Un tempo per spiare una persona era necessario pedinarla, oppure ficcare di soppiatto le mani nei cassetti e nella rubrica telefonica cartacea per scoprire nomi sospetti o preziosi dati, come il di codice per aprire una cassaforte o per accedere alla cassetta di sicurezza.

<<== Prof. Michele Miccoli

Le agenzie investigative fino all’inizio del terzo millennio hanno fatto soldi con la pala, pagati per tanare tradimenti sentimentali o segreti industriali. Altri tempi. Oggi, con la diffusione delle tecnologie informatiche, persino l’arte di ficcare il naso nella vita altrui si è trasformata.

Il congegno mobile è ormai utilizzato per fare un mucchio cose, tra cui navigare sul web, accedere al conto corrente, spostare somme di denaro, acquistare beni e servizi, vedere film, ascoltare musica, chattare. Solo marginalmente è usato per lo scopo primario per cui fu creato: telefonare. L’integrazione della tecnologia che permette la connessione al web li ha trasformati in piccoli computer, con tutti i rischi del caso.

Quali? Gli stessi che si possono subire usando il PC: essere controllati non più attraverso i metodi descritti in apertura, quanto con l’uso di piccoli software che i cyberpirati sono in grado di inoculare nei sistemi operativi. Fatto questo, è come se i delinquenti avessero in mano il nostro telefonino per farsi gli affari nostri in santa pace.

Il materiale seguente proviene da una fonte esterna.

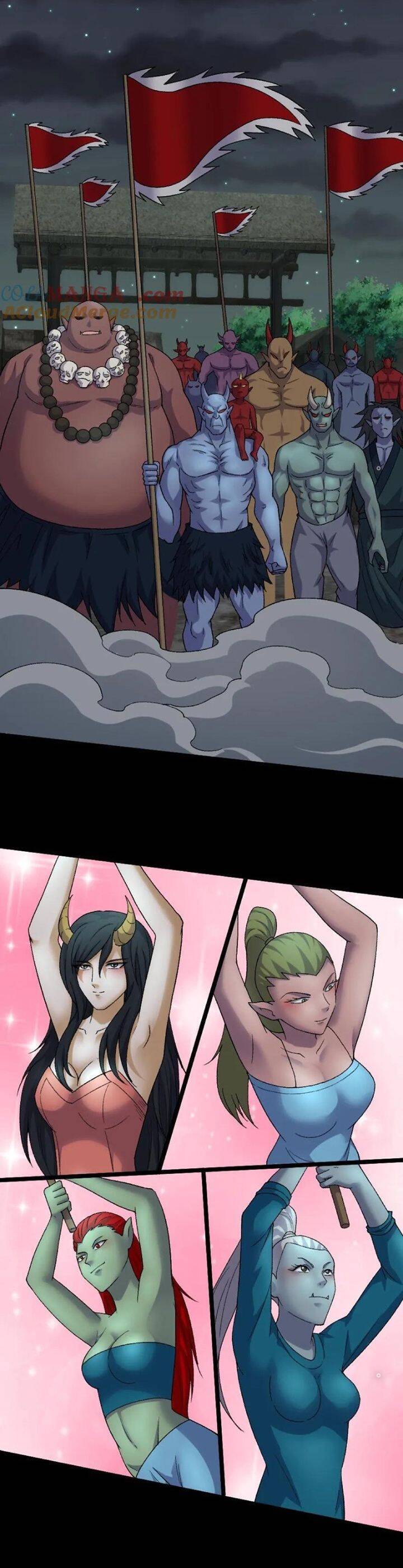 Ngày Tôi Sinh Ra, Bách Quỷ Dạ Hành, Tuyết Thi Hộ Đạo Chap 432 - Next Chap 433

Chiacchierate in chat con gli amici, o peggio con l’amante, codici di accesso all’internet banking salvati nella rubrica e tutto ciò che può svelare di noi e della nostra esistenza, in un battibaleno si apre alla lettura da parte di esimi sconosciuti dalle intenzioni poco oneste. Al solo pensarci si rizzano i capelli in testa! Che fare?

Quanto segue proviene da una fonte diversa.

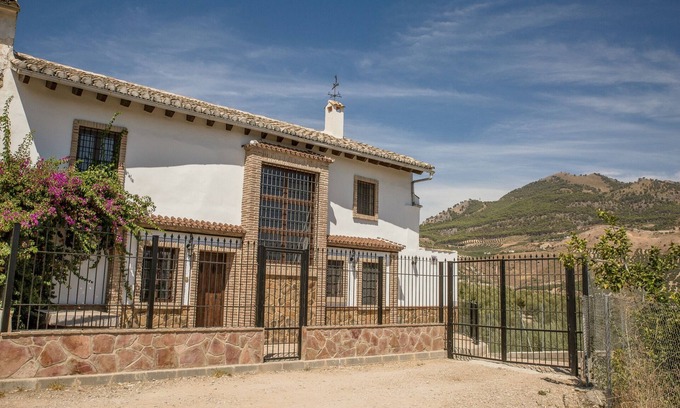 Rute Cottage | SOURCE OF THE ROMA overlooking the marsh IZNAJAR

Tranquilli, ecco una piccola guida dei metodi utili per capire se qualche spione sta conoscendo tutto su di noi, conversazioni comprese.

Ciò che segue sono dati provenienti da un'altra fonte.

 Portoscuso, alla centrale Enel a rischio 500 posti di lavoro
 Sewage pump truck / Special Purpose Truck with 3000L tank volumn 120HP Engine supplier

Innanzitutto è bene sapere che è possibile che il cellulare possa essere stato infettato senza la necessità di installare un’APP. Significa che anche da remoto è possibile operare l’attacco informatico e senza rendersene conto.

Comprendere se siamo sotto controllo, e se i nostri dati sono in pericolo, può essere più semplice di quanto s’immagini. Iniziamo dalla batteria: da qualche tempo si scarica con maggiore velocità? Potrebbe essere uno dei segnali che siamo sotto intercettazione tramite un’applicazione-spia, installata magari quando si è lasciato il telefono incustodito per qualche minuto. Queste APP per funzionare hanno necessità di energia, ed è il motivo per cui all’improvviso la carica dura meno del solito.

Altro punto che può mettere in allarme: se durante le conversazioni s’iniziano ad avvertire rumori anomali di sottofondo, come gracchiamenti o rumori di tipo elettronico, e se questa situazione diventa costante, forse qualcuno sta ascoltando le nostre comunicazioni.

Il consumo di Giga compreso nel pacchetto dei dati è molto maggiore della media? Occhio! Queste applicazioni hanno necessità di essere connesse al web per operare, di conseguenza succhiano gigabyte.

Ultima cosa da verificare: se all’improvviso quando si digitano i messaggi, per esempio su una chat, si compiono strani errori di battitura mai accaduti in precedenza, si potrebbe trattare dell’azione di un cosiddetto keylogger, un programma in grado di captare tutto ciò che si digita sulla tastiera virtuale.

Se una o più di queste azioni capitano con frequenza, si può seriamente dubitare di essere sotto attacco cibernetico. Che fare? L’unica soluzione è di procedere con il reset, senza dimenticare di fare una copia dei dati importanti, come la rubrica o le conversazioni in chat. Non si sa come fare? E’ sufficiente rivolgersi a un centro di assistenza che, in pochi minuti e in nostra presenza, potrà procedere al reset.

E se vi chiedessero di lasciarlo per qualche ora e voi non vi fidate? Collegatevi al web e cercate “Procedura per il reset dello Smartphone”. Troverete molti tutorial spiegati in maniera semplice e comprensibile a tutti. Meglio non rischiare.